Les proies donne un éclairage sur la conception très puritaine et ambiguë du sexe propre au cinéma américain et à une certaine culture occidentale. Le désir féminin se traduit par un dérèglement physique qui peut mener à la violence. Ces innocentes qu’on protège des soldats de passage peuvent se transformer en simili-sorcières, convertir leurs désirs inassouvis en désir de meurtre. Quant à l’homme, c’est par définition un être menaçant, incapable de tenir sa bite et qui a d’ailleurs du mal à comprendre qu’on le lui reproche ! Il est amusant de voir Clint Eastwood, les yeux révulsés s’indigner qu’on lui fasse payer chèrement ses incartades. La légèreté masculine et l’assouvissement de désirs simples provoquent le déchaînement de forces féminines insoupçonnées. Il faut dire que ce beau soldat mutilé par la guerre, c’est un peu le Christ couvert de stigmates qu’on avait recueilli par charité. Une pietà apparaît d’ailleurs dans un des passages les plus débridés du film. McBurney n’est hélas pas le Christ et Mme Martha loin d’être la vierge Marie ! L’acte de bonté et de bienveillance, recueillir un soldat ennemi, sont dévoyés pour des raisons bassement charnelles.

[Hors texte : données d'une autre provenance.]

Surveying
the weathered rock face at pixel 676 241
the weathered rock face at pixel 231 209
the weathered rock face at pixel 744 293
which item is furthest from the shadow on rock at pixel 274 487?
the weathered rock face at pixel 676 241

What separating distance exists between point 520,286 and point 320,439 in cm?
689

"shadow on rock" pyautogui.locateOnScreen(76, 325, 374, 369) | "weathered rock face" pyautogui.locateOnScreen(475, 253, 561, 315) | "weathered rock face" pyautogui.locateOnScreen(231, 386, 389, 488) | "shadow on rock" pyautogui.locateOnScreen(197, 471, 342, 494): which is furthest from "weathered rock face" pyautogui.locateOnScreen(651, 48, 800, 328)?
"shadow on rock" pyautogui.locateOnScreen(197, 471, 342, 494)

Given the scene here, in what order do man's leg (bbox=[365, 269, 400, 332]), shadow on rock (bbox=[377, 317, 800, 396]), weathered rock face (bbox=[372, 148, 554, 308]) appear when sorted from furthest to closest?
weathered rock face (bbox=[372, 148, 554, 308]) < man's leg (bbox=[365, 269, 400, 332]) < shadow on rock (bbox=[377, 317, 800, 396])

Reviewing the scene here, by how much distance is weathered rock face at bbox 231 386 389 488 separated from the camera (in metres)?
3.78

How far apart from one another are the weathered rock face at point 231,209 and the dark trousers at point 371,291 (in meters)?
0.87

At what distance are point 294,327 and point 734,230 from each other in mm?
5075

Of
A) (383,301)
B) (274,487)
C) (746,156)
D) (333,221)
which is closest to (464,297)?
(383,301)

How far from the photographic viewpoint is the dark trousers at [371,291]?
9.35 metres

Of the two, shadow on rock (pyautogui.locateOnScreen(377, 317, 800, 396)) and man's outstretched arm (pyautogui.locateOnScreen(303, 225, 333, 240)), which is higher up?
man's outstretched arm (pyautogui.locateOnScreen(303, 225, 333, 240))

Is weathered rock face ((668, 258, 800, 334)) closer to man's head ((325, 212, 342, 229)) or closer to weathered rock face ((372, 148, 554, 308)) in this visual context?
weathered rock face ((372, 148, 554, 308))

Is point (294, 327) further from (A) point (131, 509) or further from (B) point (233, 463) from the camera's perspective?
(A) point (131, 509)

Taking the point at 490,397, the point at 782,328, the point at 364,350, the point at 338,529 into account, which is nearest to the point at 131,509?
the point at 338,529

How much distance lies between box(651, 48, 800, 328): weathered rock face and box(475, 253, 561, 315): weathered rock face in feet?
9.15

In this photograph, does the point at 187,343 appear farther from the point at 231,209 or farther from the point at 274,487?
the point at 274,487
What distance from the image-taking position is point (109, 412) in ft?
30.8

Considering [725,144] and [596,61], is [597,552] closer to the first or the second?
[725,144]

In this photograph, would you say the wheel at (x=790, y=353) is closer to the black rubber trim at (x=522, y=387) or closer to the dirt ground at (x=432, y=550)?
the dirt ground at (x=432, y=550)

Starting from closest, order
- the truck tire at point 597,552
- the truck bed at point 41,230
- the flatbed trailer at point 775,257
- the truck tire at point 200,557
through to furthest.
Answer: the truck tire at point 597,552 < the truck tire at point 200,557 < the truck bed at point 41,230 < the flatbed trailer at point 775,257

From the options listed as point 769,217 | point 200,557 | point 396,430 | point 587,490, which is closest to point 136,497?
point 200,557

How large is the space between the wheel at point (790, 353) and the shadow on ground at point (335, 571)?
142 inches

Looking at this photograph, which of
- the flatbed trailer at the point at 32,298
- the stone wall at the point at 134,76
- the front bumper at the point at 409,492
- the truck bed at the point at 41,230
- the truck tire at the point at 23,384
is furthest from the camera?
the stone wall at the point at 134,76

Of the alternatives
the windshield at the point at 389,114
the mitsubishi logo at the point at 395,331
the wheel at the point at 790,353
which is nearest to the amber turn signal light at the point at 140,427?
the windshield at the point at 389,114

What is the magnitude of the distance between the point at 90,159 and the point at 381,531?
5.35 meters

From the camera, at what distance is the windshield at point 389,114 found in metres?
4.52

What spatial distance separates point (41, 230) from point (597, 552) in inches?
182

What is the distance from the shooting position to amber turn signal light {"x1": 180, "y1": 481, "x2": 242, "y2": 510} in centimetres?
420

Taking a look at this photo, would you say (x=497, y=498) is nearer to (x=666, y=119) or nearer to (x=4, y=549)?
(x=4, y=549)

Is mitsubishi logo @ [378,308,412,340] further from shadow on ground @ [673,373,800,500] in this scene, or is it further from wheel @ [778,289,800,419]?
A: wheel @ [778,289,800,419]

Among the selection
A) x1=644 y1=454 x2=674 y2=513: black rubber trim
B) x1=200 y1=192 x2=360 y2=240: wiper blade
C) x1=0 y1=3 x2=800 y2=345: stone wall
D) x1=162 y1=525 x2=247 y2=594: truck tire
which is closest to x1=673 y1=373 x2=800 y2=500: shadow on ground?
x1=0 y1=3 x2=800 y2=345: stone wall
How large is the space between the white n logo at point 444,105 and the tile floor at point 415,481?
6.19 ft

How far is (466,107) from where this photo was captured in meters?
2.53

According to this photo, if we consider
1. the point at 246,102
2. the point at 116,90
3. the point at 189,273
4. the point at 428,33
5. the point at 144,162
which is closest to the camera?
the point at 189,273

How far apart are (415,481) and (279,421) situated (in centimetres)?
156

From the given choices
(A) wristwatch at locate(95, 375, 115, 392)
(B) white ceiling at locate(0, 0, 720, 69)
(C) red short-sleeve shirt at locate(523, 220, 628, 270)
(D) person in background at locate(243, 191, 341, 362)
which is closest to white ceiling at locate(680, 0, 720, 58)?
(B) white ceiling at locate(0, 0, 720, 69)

Certes on peut voir le film de Sofia Coppola (avec Elle Fanning, Kirsten Dunst et Nicole Kidman tout de même) mais c’est bien pâle à côté de ce film baroque, drôle et déréglé. Ajoutons que Clint Eastwood, massacré à l’époque par de nombreux critiques pour la faiblesse de son jeu d’acteur (Pauline Kael notamment), y joue remarquablement tout en mettant en danger son statut de grande star masculine.